Crooks, son of the Hull legend Lee Crooks, who played on the losing side in the 1985 Cup final against Wigan, was supposedly out for the season with an ankle injury. That would have been a blow to Black-and-White hopes, because no centre in Super League played better than him in the first half of the campaign. But, said Gentle: “He’s trained this week and he’s ready to go.”
The beneficiary of much of Crooks’s good work this season has been his winger Tom Lineham, but he joined the injured list a couple of weeks ago and has not come off it in time. That has left a vacancy for the recall of Crookes, the signing from Bradford who was prolific until his own season was interrupted by injury.
“He was our leading scorer when he was playing, so it would be foolish not to pick him,” said Gentle.
The other player to fail this week’s round of fitness tests is Joe Arundel, but the bonus for Gentle, should he choose to take it, comes in the shape of the vastly experienced Richard Horne. He has not played since May, but would bring the versatility of having played most back-division roles, plus hooker. The signs, however, are that the coach will stick with Aaron Heremaia, whose own flexibility has been an asset in recent weeks.

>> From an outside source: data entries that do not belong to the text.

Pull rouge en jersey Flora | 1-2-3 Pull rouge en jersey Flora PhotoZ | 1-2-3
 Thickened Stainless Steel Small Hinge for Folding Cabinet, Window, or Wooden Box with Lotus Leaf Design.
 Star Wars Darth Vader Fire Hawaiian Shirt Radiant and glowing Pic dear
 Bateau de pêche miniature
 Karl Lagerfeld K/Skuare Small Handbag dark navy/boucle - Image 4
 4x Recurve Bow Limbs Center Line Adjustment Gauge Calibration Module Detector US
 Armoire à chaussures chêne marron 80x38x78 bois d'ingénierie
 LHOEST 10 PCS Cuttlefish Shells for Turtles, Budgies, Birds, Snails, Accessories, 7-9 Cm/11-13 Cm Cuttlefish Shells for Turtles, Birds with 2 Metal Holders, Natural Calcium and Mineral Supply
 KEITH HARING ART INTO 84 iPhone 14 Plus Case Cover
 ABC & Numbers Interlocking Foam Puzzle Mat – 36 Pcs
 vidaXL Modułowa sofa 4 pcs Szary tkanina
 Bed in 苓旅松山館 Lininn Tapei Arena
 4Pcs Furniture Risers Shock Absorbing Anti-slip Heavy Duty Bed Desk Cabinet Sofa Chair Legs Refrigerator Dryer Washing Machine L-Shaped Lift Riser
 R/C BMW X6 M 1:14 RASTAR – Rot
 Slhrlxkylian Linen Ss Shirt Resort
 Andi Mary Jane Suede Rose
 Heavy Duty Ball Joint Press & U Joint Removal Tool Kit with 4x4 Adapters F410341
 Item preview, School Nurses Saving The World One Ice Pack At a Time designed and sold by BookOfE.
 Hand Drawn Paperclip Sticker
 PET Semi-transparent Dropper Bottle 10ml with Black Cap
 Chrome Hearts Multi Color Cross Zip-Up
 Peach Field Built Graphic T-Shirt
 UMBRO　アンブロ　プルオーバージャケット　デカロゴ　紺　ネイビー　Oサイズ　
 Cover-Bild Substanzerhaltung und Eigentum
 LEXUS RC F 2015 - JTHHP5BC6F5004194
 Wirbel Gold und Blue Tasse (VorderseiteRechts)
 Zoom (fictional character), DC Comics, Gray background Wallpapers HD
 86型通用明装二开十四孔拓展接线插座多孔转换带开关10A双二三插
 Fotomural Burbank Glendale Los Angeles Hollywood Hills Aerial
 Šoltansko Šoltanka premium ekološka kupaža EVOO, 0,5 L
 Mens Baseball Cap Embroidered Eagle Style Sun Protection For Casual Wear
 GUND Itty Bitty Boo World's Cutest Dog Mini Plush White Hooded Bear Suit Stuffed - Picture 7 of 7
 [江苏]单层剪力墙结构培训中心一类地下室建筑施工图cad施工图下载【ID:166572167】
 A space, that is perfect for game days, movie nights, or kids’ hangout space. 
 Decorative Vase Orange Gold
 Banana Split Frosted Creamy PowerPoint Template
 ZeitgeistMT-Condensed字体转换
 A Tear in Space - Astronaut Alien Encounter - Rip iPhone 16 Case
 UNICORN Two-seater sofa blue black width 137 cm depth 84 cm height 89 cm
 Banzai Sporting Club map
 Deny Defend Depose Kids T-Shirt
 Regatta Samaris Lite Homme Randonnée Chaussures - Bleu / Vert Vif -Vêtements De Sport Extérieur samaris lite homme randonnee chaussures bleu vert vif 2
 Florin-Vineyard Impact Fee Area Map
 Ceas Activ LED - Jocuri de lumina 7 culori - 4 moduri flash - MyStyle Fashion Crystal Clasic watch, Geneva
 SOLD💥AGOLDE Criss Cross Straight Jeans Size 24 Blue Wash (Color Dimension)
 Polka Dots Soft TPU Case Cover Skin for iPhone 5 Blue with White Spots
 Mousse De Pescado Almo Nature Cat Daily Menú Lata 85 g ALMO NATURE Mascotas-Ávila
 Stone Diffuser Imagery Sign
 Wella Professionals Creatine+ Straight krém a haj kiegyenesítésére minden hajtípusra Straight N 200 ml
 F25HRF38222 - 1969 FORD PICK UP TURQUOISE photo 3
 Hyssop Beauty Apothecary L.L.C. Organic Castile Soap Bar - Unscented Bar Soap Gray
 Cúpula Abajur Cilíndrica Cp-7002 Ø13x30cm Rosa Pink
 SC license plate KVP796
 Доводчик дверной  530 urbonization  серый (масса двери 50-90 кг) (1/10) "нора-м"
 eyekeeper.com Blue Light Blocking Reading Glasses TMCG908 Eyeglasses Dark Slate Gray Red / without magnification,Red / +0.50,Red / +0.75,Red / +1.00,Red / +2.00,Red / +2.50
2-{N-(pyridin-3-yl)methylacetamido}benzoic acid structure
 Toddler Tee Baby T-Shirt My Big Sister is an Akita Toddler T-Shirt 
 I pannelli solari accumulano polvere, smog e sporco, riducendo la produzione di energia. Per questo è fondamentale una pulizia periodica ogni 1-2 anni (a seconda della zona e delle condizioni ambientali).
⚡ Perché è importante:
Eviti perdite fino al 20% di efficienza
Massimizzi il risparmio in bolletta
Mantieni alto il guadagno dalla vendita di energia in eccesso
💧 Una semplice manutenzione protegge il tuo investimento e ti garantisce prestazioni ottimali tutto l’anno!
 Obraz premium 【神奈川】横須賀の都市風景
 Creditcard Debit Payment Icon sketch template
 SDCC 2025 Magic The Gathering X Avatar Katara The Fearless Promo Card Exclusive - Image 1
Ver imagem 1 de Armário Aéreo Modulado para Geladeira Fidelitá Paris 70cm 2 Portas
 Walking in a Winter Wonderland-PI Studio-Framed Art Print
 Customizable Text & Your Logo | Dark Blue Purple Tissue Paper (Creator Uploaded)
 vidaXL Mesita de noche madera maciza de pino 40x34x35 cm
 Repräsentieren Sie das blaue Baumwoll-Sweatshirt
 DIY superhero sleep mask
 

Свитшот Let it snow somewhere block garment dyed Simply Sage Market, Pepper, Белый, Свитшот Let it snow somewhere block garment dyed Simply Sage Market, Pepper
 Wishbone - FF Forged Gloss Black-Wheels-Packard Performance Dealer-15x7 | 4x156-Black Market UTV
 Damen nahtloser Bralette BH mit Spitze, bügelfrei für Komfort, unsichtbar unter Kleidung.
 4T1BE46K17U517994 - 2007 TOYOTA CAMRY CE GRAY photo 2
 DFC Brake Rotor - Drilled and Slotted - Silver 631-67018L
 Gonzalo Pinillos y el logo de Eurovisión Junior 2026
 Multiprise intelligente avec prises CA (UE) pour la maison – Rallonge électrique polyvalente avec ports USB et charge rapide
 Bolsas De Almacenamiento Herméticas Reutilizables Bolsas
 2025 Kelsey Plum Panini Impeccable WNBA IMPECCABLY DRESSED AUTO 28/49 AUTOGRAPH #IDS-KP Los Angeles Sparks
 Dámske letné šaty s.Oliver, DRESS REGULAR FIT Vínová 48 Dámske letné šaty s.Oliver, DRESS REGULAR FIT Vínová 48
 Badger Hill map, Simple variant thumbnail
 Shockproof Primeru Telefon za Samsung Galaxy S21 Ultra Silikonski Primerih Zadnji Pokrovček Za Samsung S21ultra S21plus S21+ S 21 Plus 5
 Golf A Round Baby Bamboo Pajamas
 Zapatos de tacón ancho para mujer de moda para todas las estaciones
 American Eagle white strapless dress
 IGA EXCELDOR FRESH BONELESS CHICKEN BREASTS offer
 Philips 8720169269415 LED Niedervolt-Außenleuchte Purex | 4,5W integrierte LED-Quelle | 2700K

The most difficult decisions for the Wigan coach, Shaun Wane, have been at left centre, where Ian Thornley looks to have edged out Jack Hughes, and the second starting prop, which is likely to be Ben Flower. Wigan were given their jerseys by the club’s former captain Andy Farrell at a presentation on Thursday night. No one was prouder than Farrell’s cousin and successor as skipper and loose forward, Sean O’Loughlin. He was their main injury worry over the last couple of weeks, but his calf is now regarded as perfectly fine.
Wane comes into this final with one piece of baggage discarded, but another still carried: he has always been disappointed that injury kept him out of the 1985 final, which Wigan won 28-24, with its special status as the best ever. “I did feel a bit sorry for myself, because I’d played in all the previous rounds, but I was happy for my team-mates, for the club and the town,” he recalled yesterday.
Wane’s immediate future was settled this week when he agreed a one-year contract extension. The Cup means enough in the town that the remark by Wane’s chairman, Ian Lenagan, that it will be extended further if Wigan win today is only slightly tongue-in-cheek.
If Wigan win, the town will become the first to hold the Challenge Cup and the FA Cup at the same time, following the Latics’ victory at Wembley in May. With a fit Sam Tomkins on deck, they should have the firepower to complete that double, but Hull have shown that they can defend against the odds.
The winners could be the side capable of slogging it out in wet conditions, with a greasy ball and plenty of errors. A re-run of 1985 could be a little too much to expect.